Direktur Pelayanan Kefarmasian, Dra. R. Dettie Yuliati, Apt., M.Si. selaku ketua panitia acara sosialisasi tersebut mengatakan bahwa dengan adanya analisis farmakoekonomi di fasilitas pelayanan kesehatan, kita dapat mengetahui data biaya obat dan alat kesehatan, perbandingan biaya dan manfaat dan dapat meningkatkan kualitas hidup pasien serta dapat meningkatkan kendali mutu dan biaya. “Hasil analisis farmakoekonomi yang disampaikan tersebut dapat menunjukkan capaian instansi yang bersangkutan dan menambah nilai akreditasi dari rumah sakit, sehingga dapat mendukung upaya pelayanan kesehatan khususnya dalam penyelenggaraan Jaminan Kesehatan Nasional”, lanjutnya.
Sementara itu, Direktur Jenderal Kefarmasian dan Alat Kesehatan, Dra. Maura Linda Sitanggang, Ph.D., yang secara resmi membuka acara tersebut menyatakan apresiasinya terhadap Tim kerja analisis farmakoekonomi yang telah mampu bekerja dengan baik sesuai dengan kapasitas dan kompetensinya masing-masing sehingga kegiatan analisis farmakoekonomi obat dan alat kesehatan di fasilitas kesehatan selesai tepat waktu.
“Hasil rekomendasi ini diharapkan dapat dimanfaatkan dalam pemilihan obat Fornas dan dapat ditindaklanjuti oleh Komite Penilaian Teknologi Kesehatan (KPTK), melalui proses appraisal dan penyusunan Nota Rekomendasi Kebijakan yang akan disampaikan kepada Menteri Kesehatan”, demikian harapan Ibu Maura.
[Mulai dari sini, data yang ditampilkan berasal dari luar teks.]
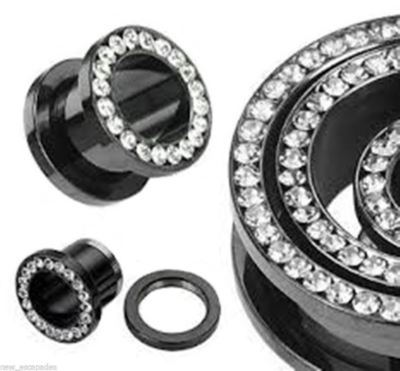 PAIR-Black Titanium IP w/Clear Gems Screw On Ear Tunnels 06mm/2 Gauge
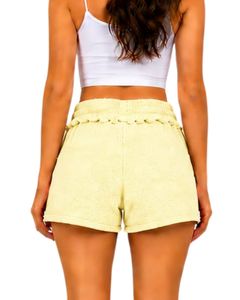 Light Yellow Women <b>Drawstring</b> Cotton Terry Shorts Elastic Waist Casual Summer Lounge Wear Soft Pocket Mini Shorts Custom Fashion - Product Image 2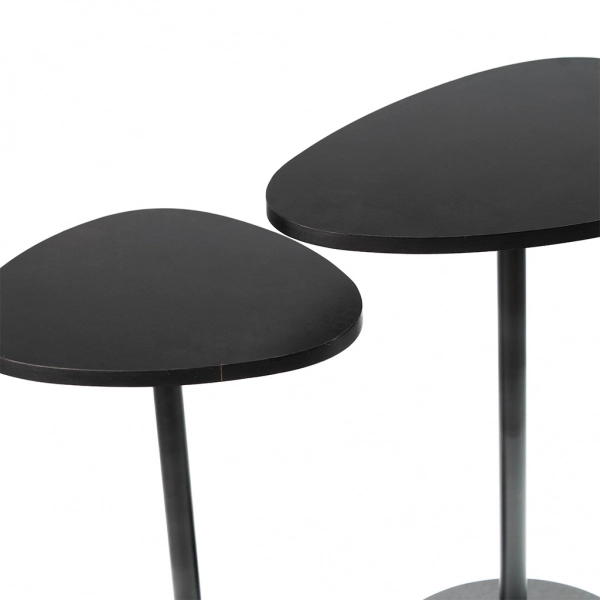 Mesa de Canto Orgânica - Conjunto 2 Mesas - Preto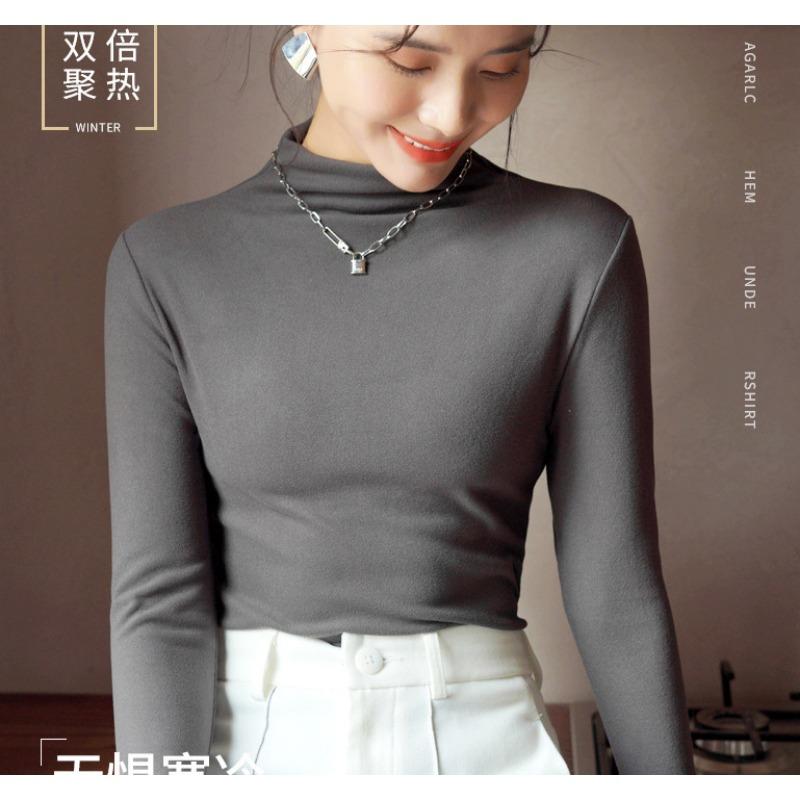 Half-high Neck Mid-collar Women's Bottoming Shirt Autumn and Winter Slim Solid Colour Tight Long-sleeved Shirt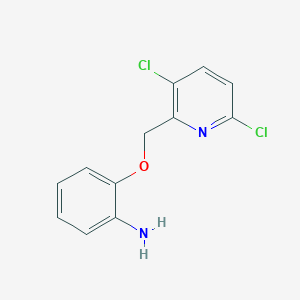 molecular formula C12H10Cl2N2O B8418795 ((3,6-Dichloro-2-pyridinyl)methoxy)benzenamine 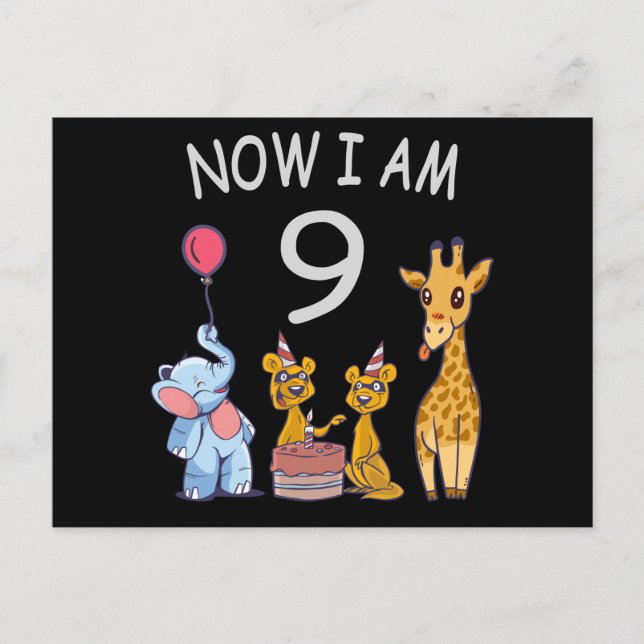 Now I am 9 years old 9th Birthday at the Zoo Postcard (Front)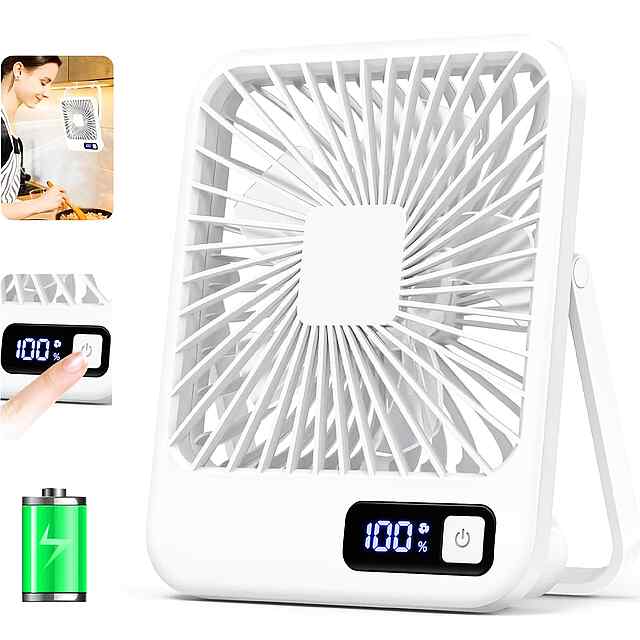 Портативний складаний вентилятор з дисплеєм, 5 швидкостей - для дому/офісу.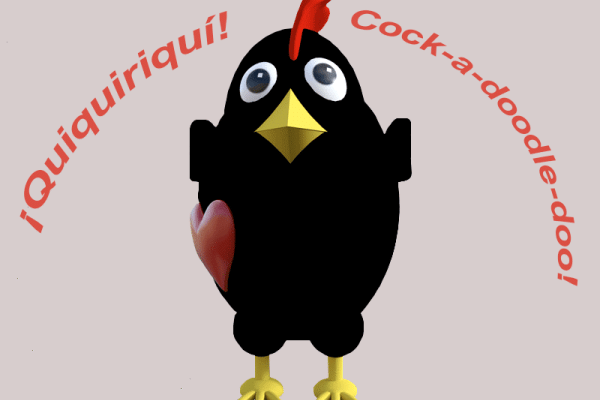 ¿Canta igual un gallo inglés que uno español?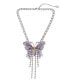 Фото #1 товара Steve Madden butterfly Fringe Pendant Necklace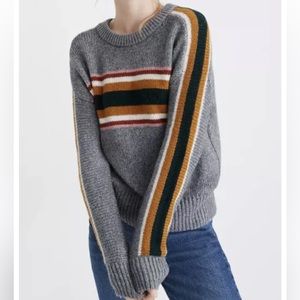Madewell Gray Colorful Striped Sweater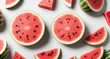 seamless pattern with red watermelon slices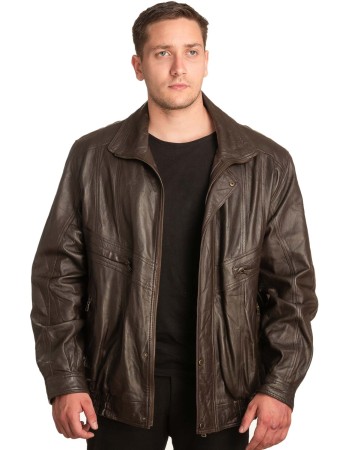  Γνήσιο Ανδρικό Δερμάτινο Μπουφάν - A97
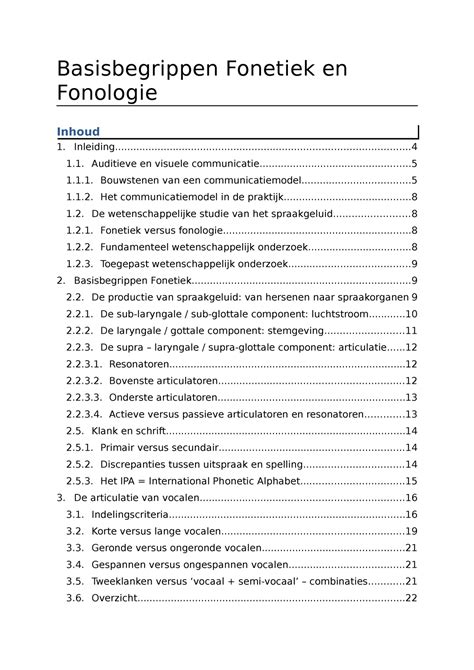 Basisbegrippen Fonetiek En Fonologie Samenvatting Basisbegrippen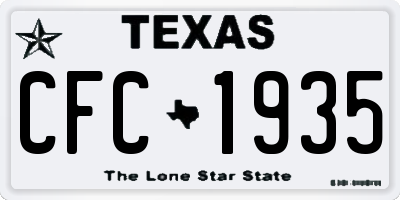 TX license plate CFC1935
Kegiatan analisis farmakoekonomi ini kiranya dapat dilanjutkan secara berkesinambungan untuk analisis utilitas biaya sampai analisis dampak anggaran (budget impact analysis) untuk obat yang sama atau analisis efektivitas biaya untuk obat lainnya, yang diharapkan akan bermanfaat dalam pencapaian akreditasi rumah sakit dan dalam proses pemilihan obat dan alat kesehatan kebutuhan rumah sakit itu sendiri.